**Requirement**
Among the lines below, tally those holding the string "image" and give the total only.

[Data to examine Boundary: Start]

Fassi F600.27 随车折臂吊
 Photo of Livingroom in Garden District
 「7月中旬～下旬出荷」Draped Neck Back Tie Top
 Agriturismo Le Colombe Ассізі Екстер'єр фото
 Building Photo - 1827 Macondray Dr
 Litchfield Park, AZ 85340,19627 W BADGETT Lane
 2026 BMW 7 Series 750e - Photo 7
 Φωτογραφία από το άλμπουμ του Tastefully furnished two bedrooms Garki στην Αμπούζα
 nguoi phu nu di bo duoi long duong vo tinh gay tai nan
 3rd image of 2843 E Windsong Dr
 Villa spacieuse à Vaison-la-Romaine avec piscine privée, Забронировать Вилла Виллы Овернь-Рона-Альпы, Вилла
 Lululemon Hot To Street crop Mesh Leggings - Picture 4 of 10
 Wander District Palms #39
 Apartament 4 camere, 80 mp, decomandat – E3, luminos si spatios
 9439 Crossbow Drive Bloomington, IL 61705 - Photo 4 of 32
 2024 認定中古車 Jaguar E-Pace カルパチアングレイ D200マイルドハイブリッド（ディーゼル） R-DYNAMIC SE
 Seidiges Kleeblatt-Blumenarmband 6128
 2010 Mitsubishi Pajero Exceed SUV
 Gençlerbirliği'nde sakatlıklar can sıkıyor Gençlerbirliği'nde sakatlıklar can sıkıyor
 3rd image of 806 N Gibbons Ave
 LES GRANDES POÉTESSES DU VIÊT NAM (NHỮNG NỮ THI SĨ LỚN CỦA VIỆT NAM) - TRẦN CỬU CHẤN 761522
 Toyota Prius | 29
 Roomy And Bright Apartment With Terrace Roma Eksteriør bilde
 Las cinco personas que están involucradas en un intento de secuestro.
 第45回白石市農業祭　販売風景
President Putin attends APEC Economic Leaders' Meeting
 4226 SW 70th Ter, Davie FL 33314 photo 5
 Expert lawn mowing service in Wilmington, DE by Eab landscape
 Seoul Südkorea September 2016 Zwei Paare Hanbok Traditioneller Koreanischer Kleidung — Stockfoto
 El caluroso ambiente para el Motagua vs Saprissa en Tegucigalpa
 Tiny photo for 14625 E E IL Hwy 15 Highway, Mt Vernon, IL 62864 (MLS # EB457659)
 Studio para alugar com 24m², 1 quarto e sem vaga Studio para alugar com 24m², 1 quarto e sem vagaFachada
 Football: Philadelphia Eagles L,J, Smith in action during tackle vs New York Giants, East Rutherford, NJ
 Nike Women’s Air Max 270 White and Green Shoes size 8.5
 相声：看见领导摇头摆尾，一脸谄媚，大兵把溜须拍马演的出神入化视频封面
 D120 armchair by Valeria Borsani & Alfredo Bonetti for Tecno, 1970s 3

[Data to examine Boundary: End]

**Answer to the problem**
2